WHAT IS REQUIRED.
Retype, exactly and completely, the listing that comes next, skipping its images.

★ ★ ★ ★ ★

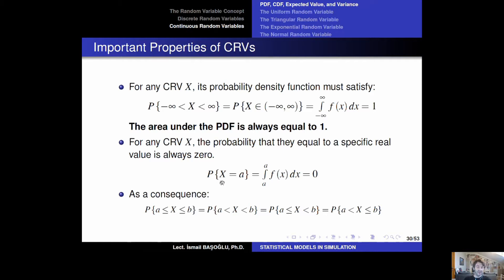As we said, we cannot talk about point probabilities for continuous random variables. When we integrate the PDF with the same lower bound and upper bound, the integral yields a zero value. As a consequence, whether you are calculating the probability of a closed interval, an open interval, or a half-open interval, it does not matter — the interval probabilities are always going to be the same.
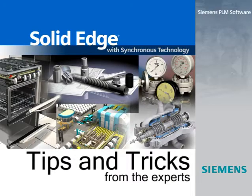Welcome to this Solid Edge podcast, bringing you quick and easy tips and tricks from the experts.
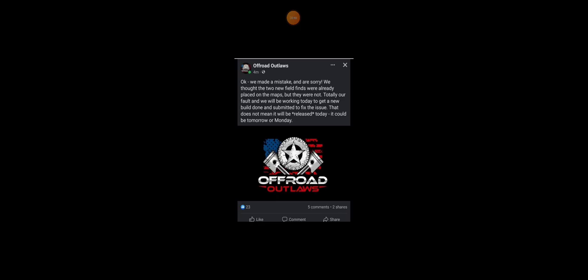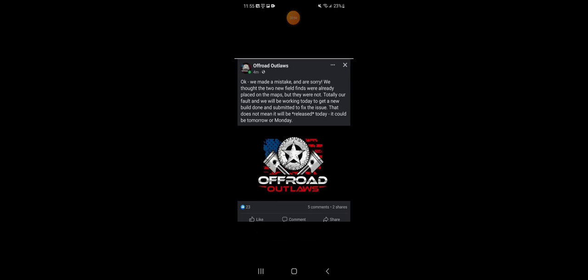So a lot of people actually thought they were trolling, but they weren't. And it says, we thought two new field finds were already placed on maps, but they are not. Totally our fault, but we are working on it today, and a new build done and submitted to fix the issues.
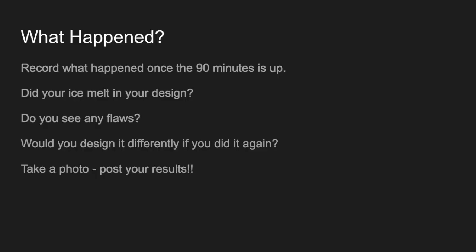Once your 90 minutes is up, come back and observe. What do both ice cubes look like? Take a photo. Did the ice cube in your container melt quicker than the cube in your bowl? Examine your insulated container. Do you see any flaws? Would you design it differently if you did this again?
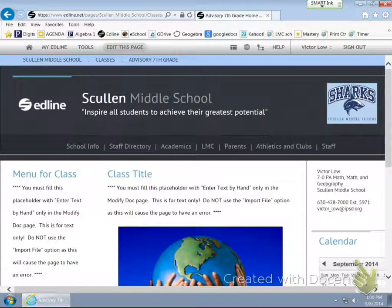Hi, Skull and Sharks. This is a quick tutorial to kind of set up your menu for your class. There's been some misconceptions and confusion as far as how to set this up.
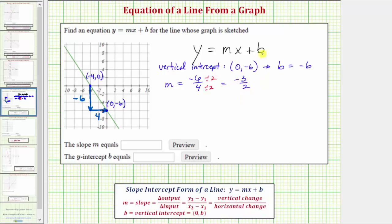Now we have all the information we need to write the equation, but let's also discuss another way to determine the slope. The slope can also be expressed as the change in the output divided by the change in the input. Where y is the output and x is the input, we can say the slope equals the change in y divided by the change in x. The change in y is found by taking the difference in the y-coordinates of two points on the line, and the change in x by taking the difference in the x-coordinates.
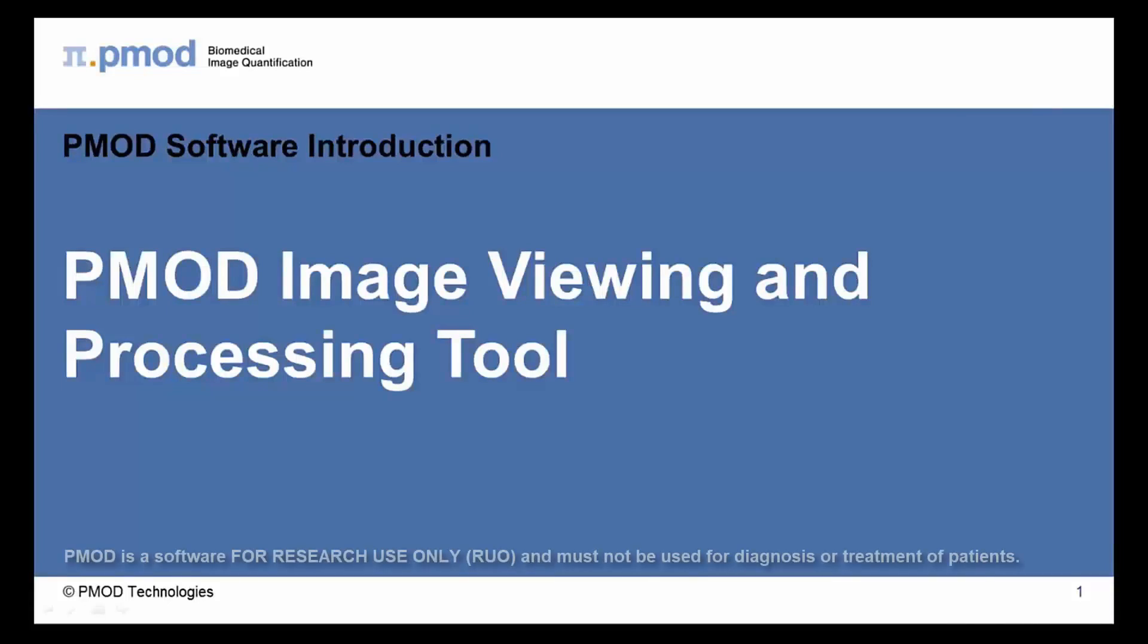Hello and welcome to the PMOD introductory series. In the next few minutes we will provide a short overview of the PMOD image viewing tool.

★ ★ ★ ★ ★

RESULT FOR THIS EXERCISE.
As we said, we cannot talk about point probabilities for continuous random variables. When we integrate the PDF with the same lower bound and upper bound, the integral yields a zero value. As a consequence, whether you are calculating the probability of a closed interval, an open interval, or a half-open interval, it does not matter — the interval probabilities are always going to be the same.
Welcome to this Solid Edge podcast, bringing you quick and easy tips and tricks from the experts.
So a lot of people actually thought they were trolling, but they weren't. And it says, we thought two new field finds were already placed on maps, but they are not. Totally our fault, but we are working on it today, and a new build done and submitted to fix the issues.
Once your 90 minutes is up, come back and observe. What do both ice cubes look like? Take a photo. Did the ice cube in your container melt quicker than the cube in your bowl? Examine your insulated container. Do you see any flaws? Would you design it differently if you did this again?
Hi, Skull and Sharks. This is a quick tutorial to kind of set up your menu for your class. There's been some misconceptions and confusion as far as how to set this up.
Now we have all the information we need to write the equation, but let's also discuss another way to determine the slope. The slope can also be expressed as the change in the output divided by the change in the input. Where y is the output and x is the input, we can say the slope equals the change in y divided by the change in x. The change in y is found by taking the difference in the y-coordinates of two points on the line, and the change in x by taking the difference in the x-coordinates.
Hello and welcome to the PMOD introductory series. In the next few minutes we will provide a short overview of the PMOD image viewing tool.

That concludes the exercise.